• **Exercise prompt**: Output, exactly as written, the lines below starting at the line containing "VICTORIA'S SECRET Gold" and ending at the line containing "NITRAS 7180KIDS, MOTION". Drop the pictures and keep both end lines.

::: Records

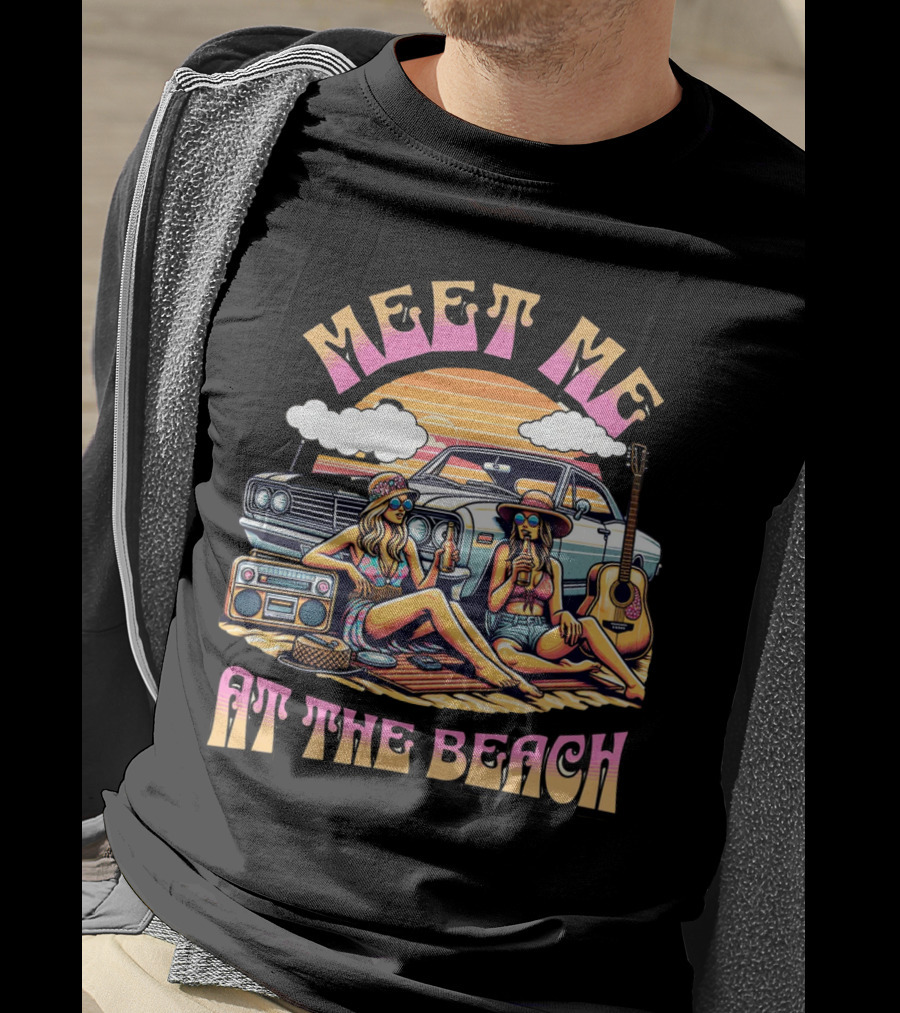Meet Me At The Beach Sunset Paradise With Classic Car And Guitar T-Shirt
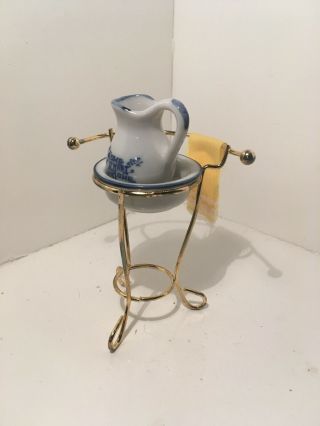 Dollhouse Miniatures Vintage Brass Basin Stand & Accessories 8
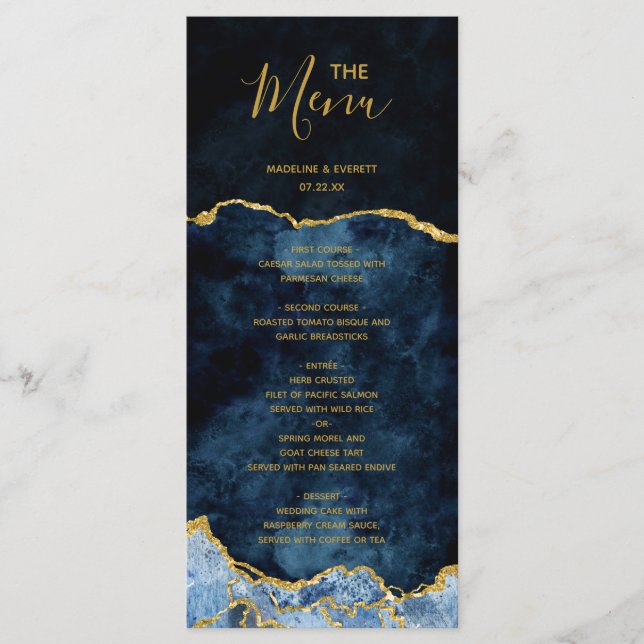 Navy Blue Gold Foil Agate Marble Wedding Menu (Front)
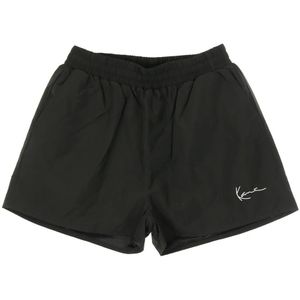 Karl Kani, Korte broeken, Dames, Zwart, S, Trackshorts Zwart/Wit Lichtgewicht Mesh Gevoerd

::::::
::: Records

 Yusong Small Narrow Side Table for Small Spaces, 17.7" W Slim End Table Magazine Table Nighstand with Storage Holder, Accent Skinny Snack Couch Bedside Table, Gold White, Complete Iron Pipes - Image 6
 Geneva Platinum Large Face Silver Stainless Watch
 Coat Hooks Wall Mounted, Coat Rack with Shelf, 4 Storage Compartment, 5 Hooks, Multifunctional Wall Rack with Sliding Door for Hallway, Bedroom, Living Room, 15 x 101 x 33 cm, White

::::::
::: Records

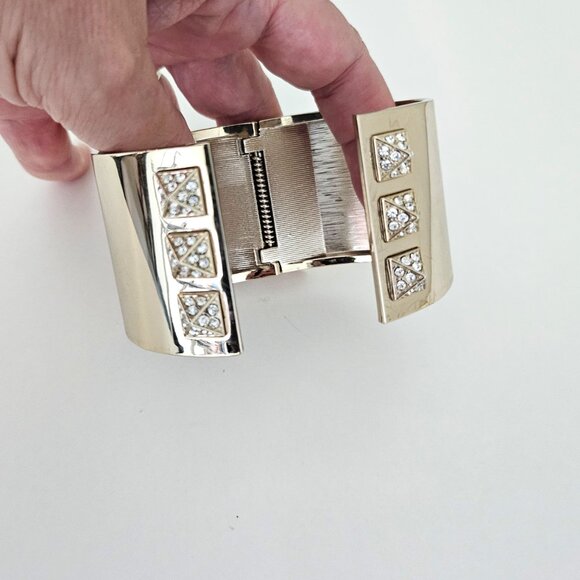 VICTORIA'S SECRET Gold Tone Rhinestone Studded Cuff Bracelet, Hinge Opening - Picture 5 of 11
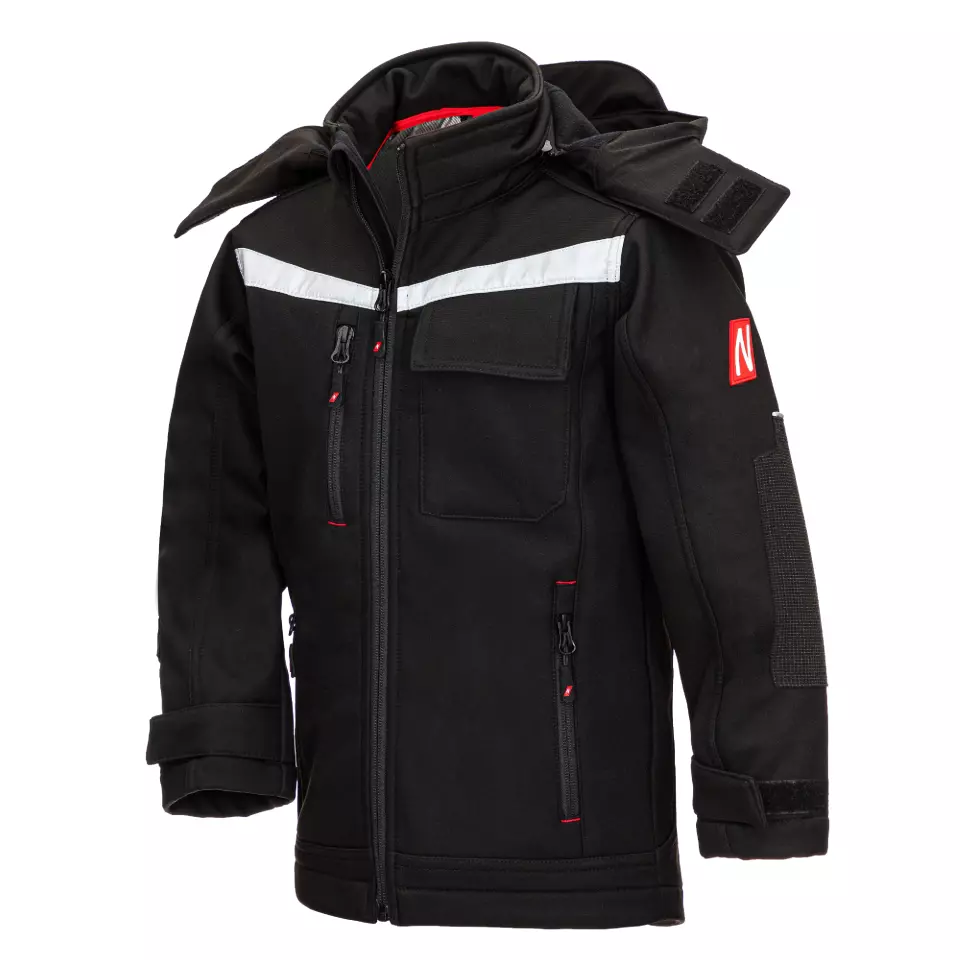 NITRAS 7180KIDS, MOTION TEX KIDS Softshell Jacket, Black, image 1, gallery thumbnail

::::::

• **Task output**:
 VICTORIA'S SECRET Gold Tone Rhinestone Studded Cuff Bracelet, Hinge Opening - Picture 5 of 11
 NITRAS 7180KIDS, MOTION TEX KIDS Softshell Jacket, Black, image 1, gallery thumbnail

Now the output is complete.